# Entries shown:

□ □ □

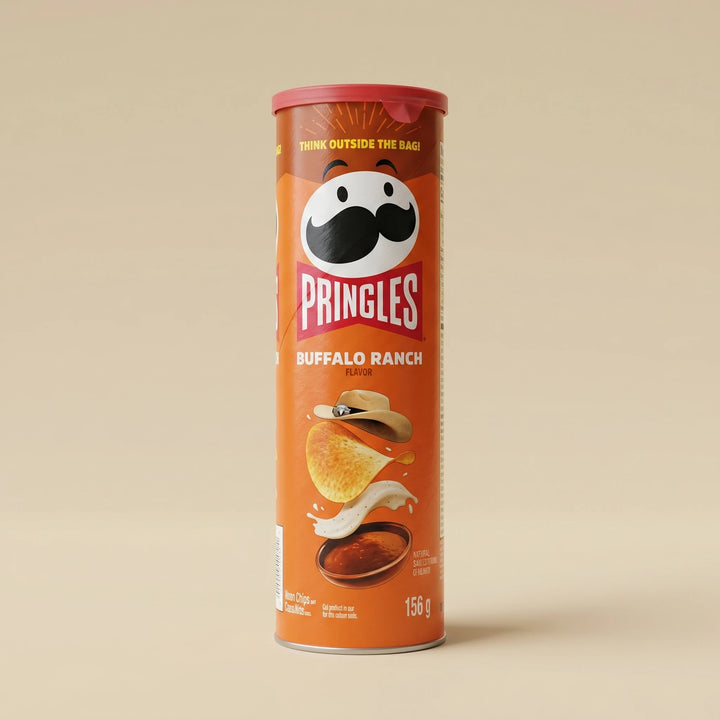 Tube 156g Pringles Buffalo Ranch — chips importées USA — Lollipop Korner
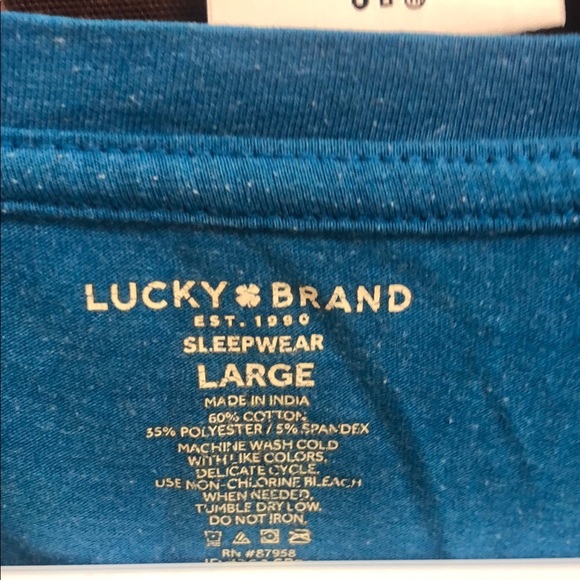 Lucky Brand Blue Short Sleeve Tee - Picture 2 of 4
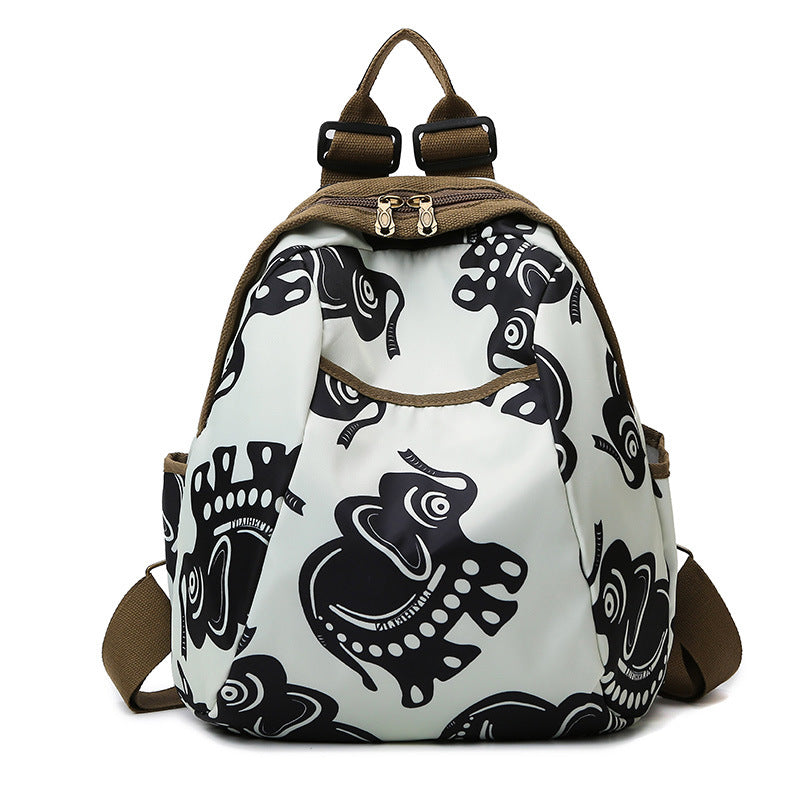 Stylische Canvas-Rucksack Brehn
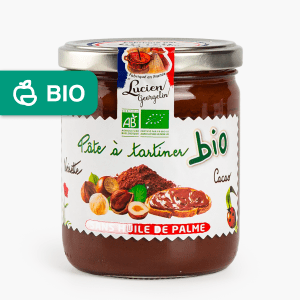 Lucien Georgelin - Pâte à tartiner aux noisette Bio (400g) Lucien Georgelin - Pâte à tartiner aux noisette Bio (400g)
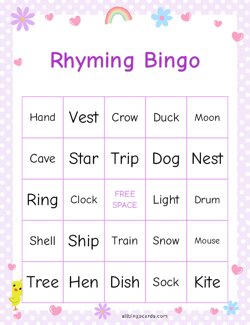 Rhyming Bingo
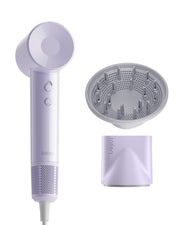 Laifen SE Lite front view showing compact purple body and controls, fast drying benefit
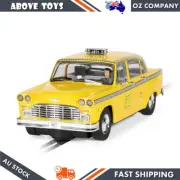Scalextric 1:32 Scale 1977 NYC Taxi With Driver Slot Car Model Toy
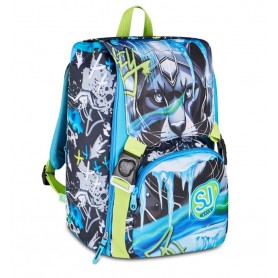 ZAINO SJ SDOPPIABILE GANG GLACE PANTHER BOY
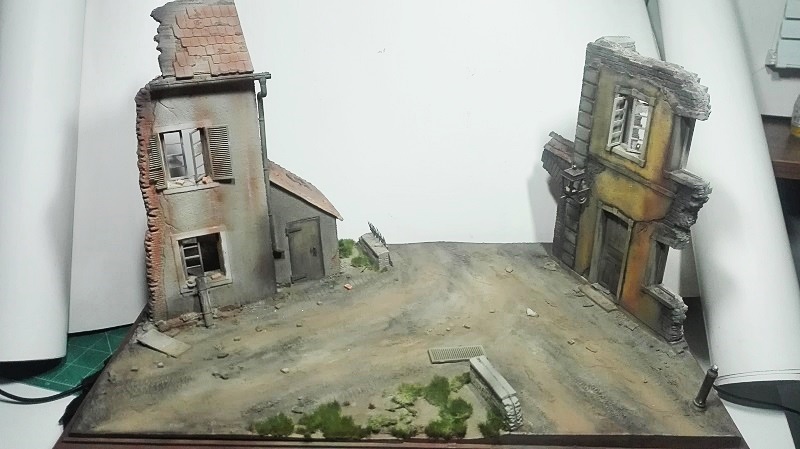 Diorama Miniart 1:35 do dokończenia.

□ □ □

# Task directions:
Copy each line of the records precisely and drop any images they hold.

# Finished exercise:
 Tube 156g Pringles Buffalo Ranch — chips importées USA — Lollipop Korner
 Lucky Brand Blue Short Sleeve Tee - Picture 2 of 4
 Stylische Canvas-Rucksack Brehn
 Lucien Georgelin - Pâte à tartiner aux noisette Bio (400g) Lucien Georgelin - Pâte à tartiner aux noisette Bio (400g)
 Rhyming Bingo
 Laifen SE Lite front view showing compact purple body and controls, fast drying benefit
Scalextric 1:32 Scale 1977 NYC Taxi With Driver Slot Car Model Toy
 ZAINO SJ SDOPPIABILE GANG GLACE PANTHER BOY
 Diorama Miniart 1:35 do dokończenia.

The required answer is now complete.